Dubbi, obiezioni e timori dei sindaci sono finiti in un dossier elaborato dall’Ifel, che ora offrirà la base di trattativa con il governo nell’ambito del tavolo tecnico che accompagna la riforma in parlamento sempre in attesa del parere dei comuni. Per ottenere il «sì» degli amministratori locali, il governo dovrà offrire garanzie su tutti i punti deboli indicati dall’Ifel (chiamato anche a lavorare ai fabbisogni standard, quale «partner scientifico» di Sose, e delegato all’attuazione delle attività di diretto contatto con i comuni).

Il meccanismo
Per capire il problema, bisogna percorrere la strada che dovrebbe portare i comuni dall’attuale sistema di finanza derivata, dipendente in larga parte dall’assegno dello stato, all’autonomia prevista dal federalismo, e fondata soprattutto sui frutti fiscali del mattone. Nel passaggio, bisognerà dire addio a gran parte dei trasferimenti statali e all’addizionale sull’energia elettrica, mentre l’Ici sopravvissuta all’abolizione sulla prima casa verrà assorbita dalla nuova Imu dal 2014: in tutto, si tratta di 25,1 miliardi di euro, che dovranno essere sostituiti dall’assegnazione ai comuni del fisco immobiliare (registro, imposte ipotecarie e catastali, bolli, tributi catastali, cedolare secca sugli affitti e Irpef sui redditi fondiari, quest’ultima destinata al tramonto) e, dal 2014, dal varo dell’imposta municipale unica (Imu) che ingloberà quasi tutte queste voci.

I calcoli
I numeri dell’Ifel partono dalle basi imponibili indicate dal- l’Economia e dalla Copaff, su cui vengono applicate le aliquote attuali e quelle che dovrebbero caratterizzare l’Imu. Le richieste dell’Imu sui trasferimenti sono già nel decreto (8%, 2% per la prima casa), mentre quelle sull’Imu legata al possesso si desumono dai calcoli ministeriali (10,6 per mille, 5,3 per mille sugli immobili dati in affitto o di proprietà di imprese). Fissate le richieste, e calcolata la fetta che lo stato continuerà a incamerare per assicurare la «neutralità finanziaria» della riforma (lo prevede il decreto), arrivano i risultati: su 25,1 miliardi, ne ballano quasi 2,5.

Nelle città
Se questo è il dato generale, i calcoli Ifel fanno un passo ulteriore, e in ogni comune mettono a confronto le risorse destinate a cadere con il federalismo fiscale (cioè trasferimenti e addizionale sull’energia elettrica) con quelle che le dovrebbero sostituire, stimando anche un recupero di evasione intorno ai 450 milioni di euro all’anno, spalmato in modo uniforme in tutt’Italia.
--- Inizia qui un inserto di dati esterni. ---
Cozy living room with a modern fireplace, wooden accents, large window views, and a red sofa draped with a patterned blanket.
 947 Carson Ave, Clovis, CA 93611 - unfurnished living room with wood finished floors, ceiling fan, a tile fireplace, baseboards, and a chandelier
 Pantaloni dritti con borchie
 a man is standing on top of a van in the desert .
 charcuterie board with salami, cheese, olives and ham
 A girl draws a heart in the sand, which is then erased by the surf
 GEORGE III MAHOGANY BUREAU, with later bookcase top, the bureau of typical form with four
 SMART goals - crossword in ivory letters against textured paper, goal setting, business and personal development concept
Quest’ultimo calcolo è un esercizio teorico, perché nei primi anni le risorse del fisco sul mattone andranno a un fondo sperimentale di riequilibrio, che le distribuirà in modo da attenuare le differenze. I dati mostrano bene però gli squilibri di partenza: nei territori a statuto ordinario, il confronto fra le due voci segna a Napoli un -50% (anche a causa dei trasferimenti extra che arrivano alla città), i capoluoghi calabresi accusano perdite tra il 40 e il 50% mentre all’altro capo della classifica si incontrano le città medie del Nord. Viste le premesse, sono più i comuni che ci perdono di quelli che ci guadagnano: soffrono soprattutto i centri più piccoli (nei 4.660 comuni sotto i 5mila abitanti la flessione media è del 16,9%) e le grandi città (-5,2% sopra i 250mila abitanti).

Il grado di (s)fortuna del singolo comune nello scambio tra fisco e trasferimenti dipende da molti fattori: il Sud, capeggiato da Napoli, è penalizzato dall’incrocio fra un’elevata dipendenza dai fondi statali e un fisco immobiliare reso meno promettente da un mercato meno vivace, da un’evasione più diffusa e da valori catastali più arcaici. A regime, il compito di ridurre queste differenze è affidato al fondo di perequazione, che dovrà anche tenere conto dei fabbisogni standard di ogni comune; ma, lamentano i sindaci, questo strumento non ha ancora trovato spazio nei decreti attuativi.